US-CERT Alert TA13-088A: DNS Amplification Attacks
 
Quote:

National Cyber Awareness System
TA13-088A: DNS Amplification Attacks


Original release date: March 29, 2013

Systems Affected

* Domain Name System (DNS) servers

Overview

A Domain Name Server (DNS) Amplification attack is a popular form of
Distributed Denial of Service (DDoS) that relies on the use of
publically accessible open recursive DNS servers to overwhelm a victim
system with DNS response traffic.
The notice is an advisory explaining DDoS attacks and what you can do to detect and mitigate such. It's well worth your time to read through the notice and, maybe, apply a tweak or two to your DNS server configuration.

The entire notice is available at http://www.us-cert.gov/ncas/alerts/TA13-088A.

Hope this helps some.

ponce 03-30-2013 08:05 AM

Quote:

In the global options, add the following [10]:
acl corpnets { 192.168.1.0/24; 192.168.2.0/24; };
options {
allow-query { corpnets; };
allow-recursion { corpnets; };
};
FYI, these are listed as basic security options in the DNS-HOWTO (written in 2001). ;)

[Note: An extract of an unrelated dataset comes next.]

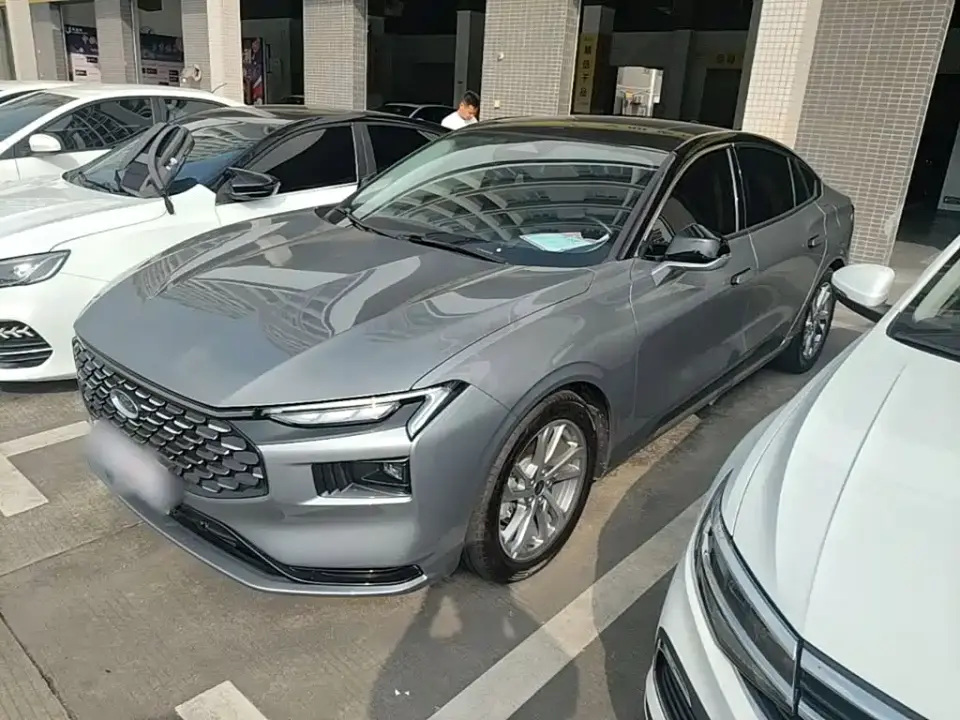 Ford Mondeo Facelift EcoBoost 245 Luxury 2023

I'm amazed that 25 millions of 27 millions dns servers tested are vulnerable to this kind of attack today.

tronayne 03-30-2013 08:51 AM

Yup, never ceases to amaze me too -- particularly when it's me that didn't RTFM.

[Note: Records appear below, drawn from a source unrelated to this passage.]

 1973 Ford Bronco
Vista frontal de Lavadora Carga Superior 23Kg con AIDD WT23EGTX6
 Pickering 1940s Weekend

I suppose that reminders every of often are not a bad thing, eh?

ponce 03-30-2013 09:03 AM

eh, I personally think the percentage of vulnerable servers will drop of just 1% after this event (I'm an optimist).

jtsn 03-30-2013 09:29 AM

BTW: The main source of the problem are mis-configured ISPs, which don't filter customer traffic originating from forged IP addresses.

Affected are not only DNS servers, but any public accessible protocol which uses UDP. If HTTP would use UDP instead of TCP, all Webservers of the world would be "vulnerable" to this and there would be nothing, that you can do about it (without locking legitimate visitors out from your website).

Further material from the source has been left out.